Push to restart reactors
Meantime the atomic power industry is making slow progress on restarting other reactors in Japan, a situation that calls into question the government’s 2030 target for nuclear power generation.
Takeo Kikkawa, a Tokyo University of Science professor who was a member of the government’s energy mix advisory committee, said achieving the 20% to 22% target would involve “a lot of difficulty.”
Map of Japan’s nuclear plants.
In a recent speech to the Foreign Press Center Japan, he noted many of the country’s aging nuclear reactors would need to be decommissioned by 2030 if the government stuck with the rule that such closures occur after 40 years of operation.
Tepco, mindful of the huge costs it is incurring at the devastated Fukushima Daiichi plant, wants to restart two reactors at its Kashiwazaki-Kariwa nuclear power plant, which was the world’s largest such facility but suffered damage from a previous earthquake in 2007.

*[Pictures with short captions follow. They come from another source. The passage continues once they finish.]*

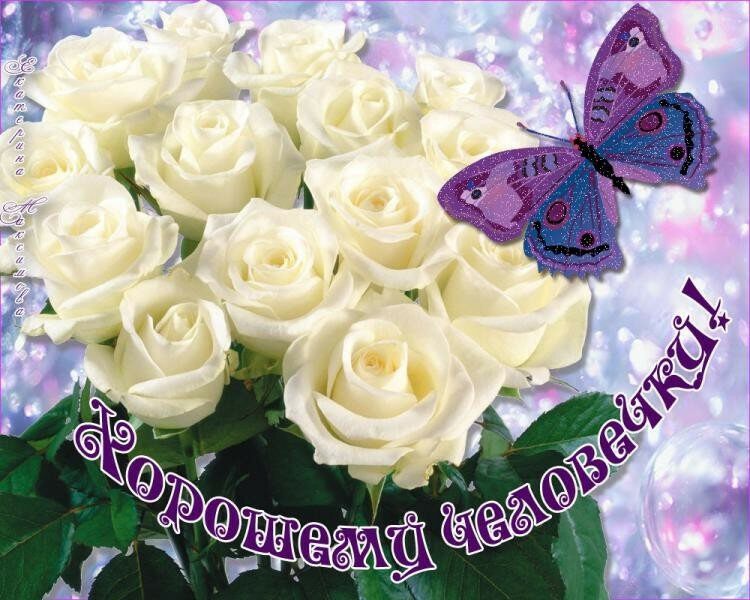 Добрый День Прекрасной Женщине Красивые Картинки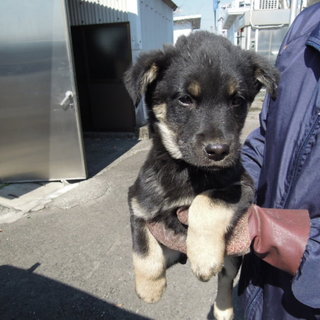 譲渡されたそうです！！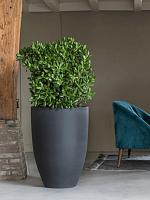 Кашпо Refined ben l volcano black D40 H55 см Кашпо Refined ben l volcano black D40 H55 см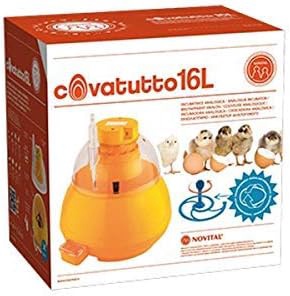 Incubadora Covatutto 16 Especial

But in a blow to the plans, voters in Niigata prefecture last year elected a governor who, like his predecessor, opposed a restart at Kashiwazaki due to safety concerns.
Just last month, Tepco was ordered to re-submit documents after revealing that its previous assurances about safety measures at Kashiwazaki-Kariwa had been wrong.
Tepco discovered in 2014 that a key building at the site may not be able to withstand even half of the assumed strongest seismic shaking, but this information was not passed on to the regulator, the Asahi newspaper reported.
Tepco’s managing executive officer, Takafumi Anegawa, apologized for the omission, which was blamed on “insufficient” communication within the company rather than a cover-up. A Nuclear Regulation Authority official was quoted as saying the lessons of Fukushima were “not utilized”.
Shaun Burnie, a nuclear specialist with Greenpeace Germany, called for a fundamental overhaul of the way the regulator reviews earthquake risks. He praised the engineers who had “spoken out” about the potential pre-tsunami damage at Fukushima Daiichi, saying they were right to demand further investigation.
“That is something the nuclear industry is determined to avoid as the ramifications, if proven, would be catastrophic for the future operation of reactors in Japan – but also have major implications worldwide,” he said in an interview.
A writing inside Ukedo elementary school, damaged by the March 11, 2011 tsunami.
Burnie said the International Atomic Energy Agency and regulators worldwide had based their reviews of the Fukushima accident on the basis that without the tsunami, there would have been no multiple reactor meltdowns.
“While this may be the conclusion the nuclear industry want to hear, it may not be correct. It could be many years before this issue is resolved one way or the other. Meanwhile, Japan continues to apply a flawed seismic model for assessing risks at nuclear plants.”